# Electric Guitar Orchestra: Johann Sebastian Bach ; Toccata & Fugue in Dm, by Sinfonity



## greco (Jul 15, 2007)

AMAZING!!

From the comments:
_....each guitar represented a stop on a pipe organ. An organist can play it all himself because the organ does all the sounds by playing one key. These are all supurb guitarist and the arrangement was unbelievably difficult to play on a guitar. _


----------



## greco (Jul 15, 2007)

Maybe you prefer Vivaldi...


----------



## Merlin (Feb 23, 2009)

Neat. Sounds like an ad for EHX pedals though. Really don't dig the timbre.


----------



## Wardo (Feb 5, 2010)

Neat but I still like the thunderin pipe organ version better.


----------



## Guest (Nov 16, 2018)

First video has a rock hair flipper in the front row.


----------



## Mooh (Mar 7, 2007)

I'm a big pipe organ fan but that particular piece has become too cliche and overplayed by virtue of the fact that people don't listen to the huge selection of other organ works by Bach and others. As for the tone...um...no thanks.

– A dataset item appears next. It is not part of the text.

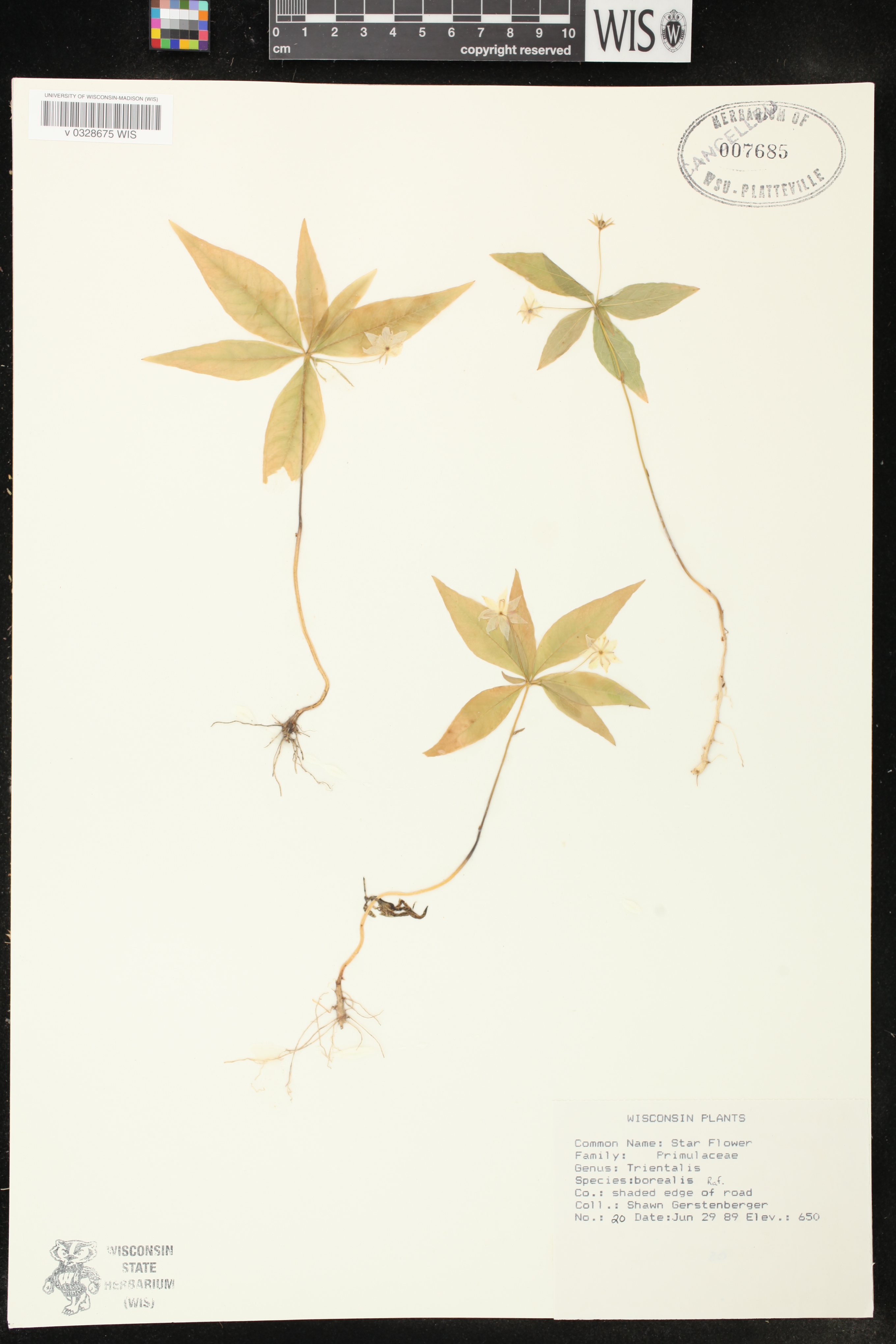 Trientalis borealis image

I sometimes have a go at a Casavant with two pipe chambers. Freaking awesome instrument.

But whatever.


----------



## greco (Jul 15, 2007)

WOW..I was hoping someone might like this/be impressed.


----------



## Mooh (Mar 7, 2007)

Sorry.


----------



## mhammer (Nov 30, 2007)

An interesting idea. What I find perhaps more amazing is the very idea that this many electric guitar soloists could cooperate. Keep in mind that not a one of them is sitting there strumming open G-chords to back up the others, and "guitar face" seems to be in abundance. Makes herding cats seem trivial by comparison.

The 70's Quebec cult band L'Infonie could range as high as 24 members. I'd seem them many many times, from complements as small as 9 to as large as 22. In their largest personnel complements, they would often have 8 sax players, who would perform Baroque works that, of course, predate the invention of the saxophone. At the 26:00 mark, you can hear one of these on their first album.

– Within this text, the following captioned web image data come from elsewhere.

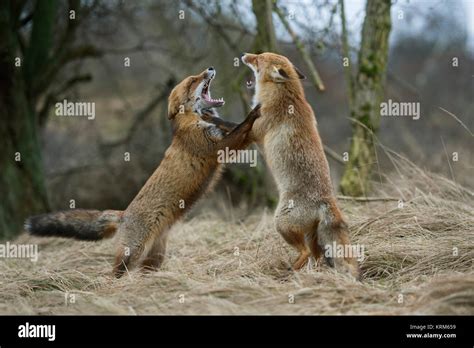 Red Fox Foxes Vulpes Vulpes Two Adults Standing On Hind Legs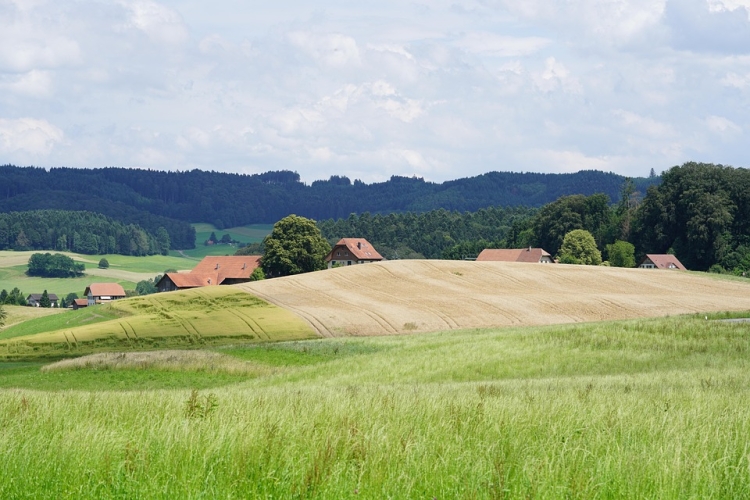 Projekt Weiterentwicklung Suisse Garantie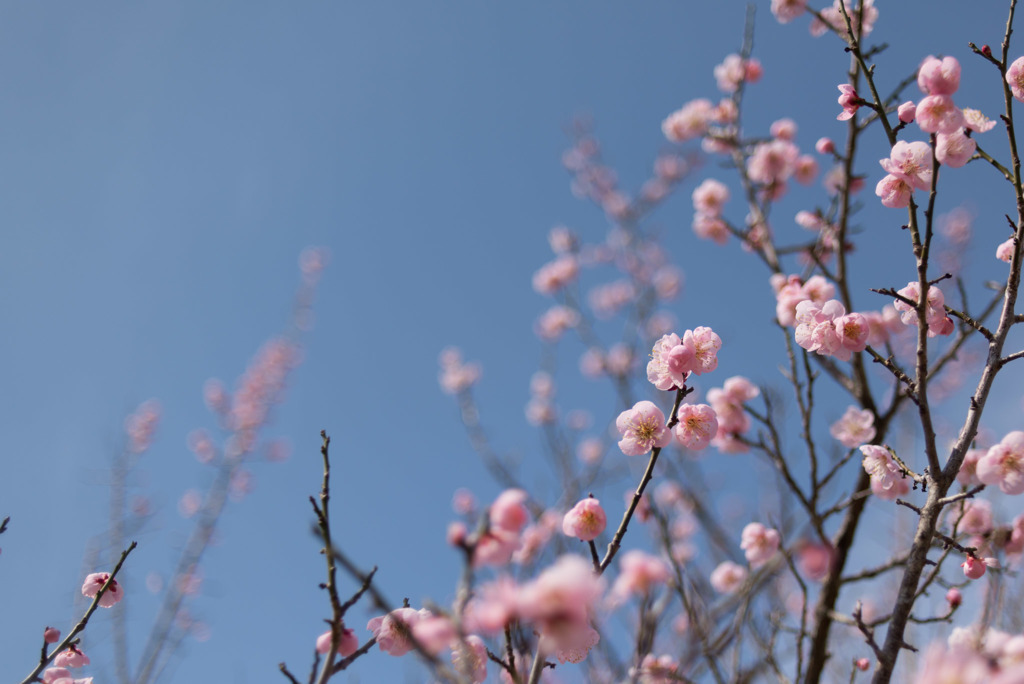 小田原FG【梅：通い小町】①20190224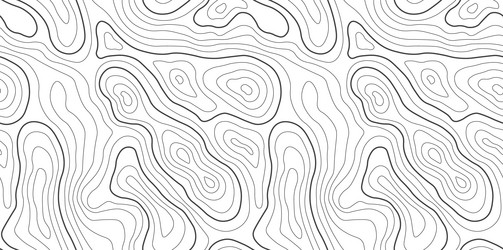 seamless map pattern with topographic lines vector image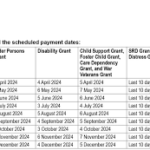 sassa december payments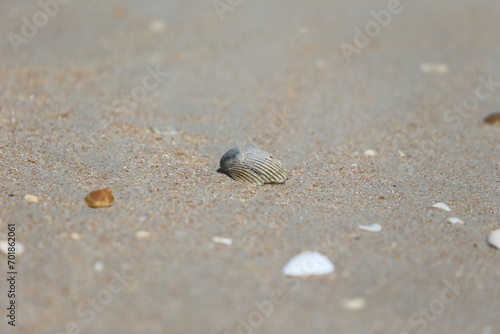 Seashells and sand on a Florida beach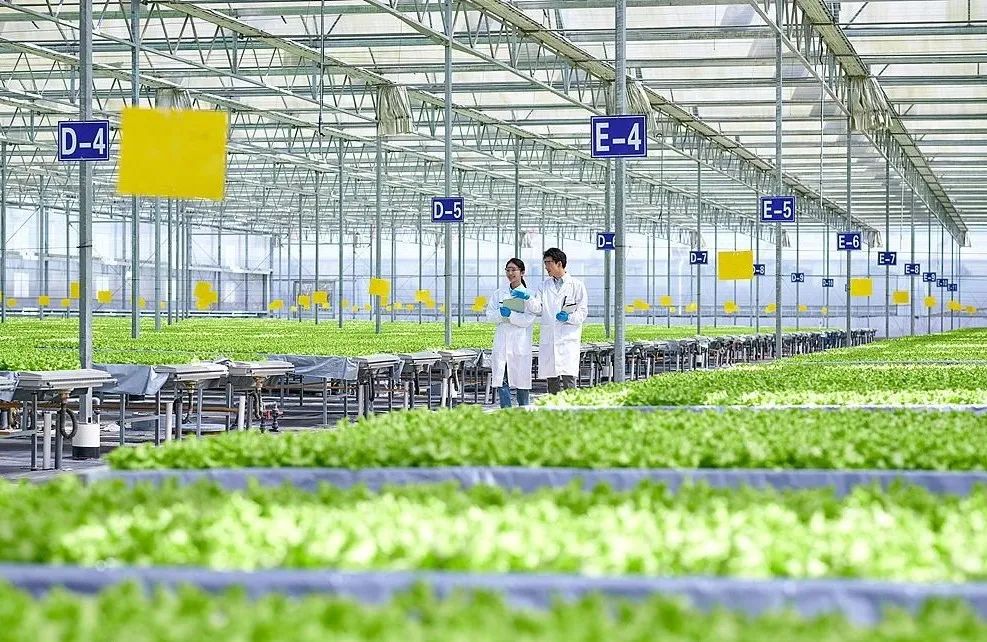 IoT Sensors: How the 'Invisible Steward' Works in Agriculture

While searching for Youtubes of the band, I was pleasantly surprised to stumble onto this hommage to the band from earlier this year. It is incredibly faithful to the music, and performance style, of the original band, even though it would seem that all the musicians and performers were born well after L'Infonie had split up. There is also an uncanny resemblance between this music and what Frank Zappa was generating. Hence it is not surprising that the last time I saw bandleader Walter Boudreau performing was leading/conducting a tribute to the music of Frank Zappa at the National Arts Centre, some 20 years ago. Though sharing many of the same influences as Zappa, L'Infonie were of a time and place that was distinctly and decidedly Quebecois.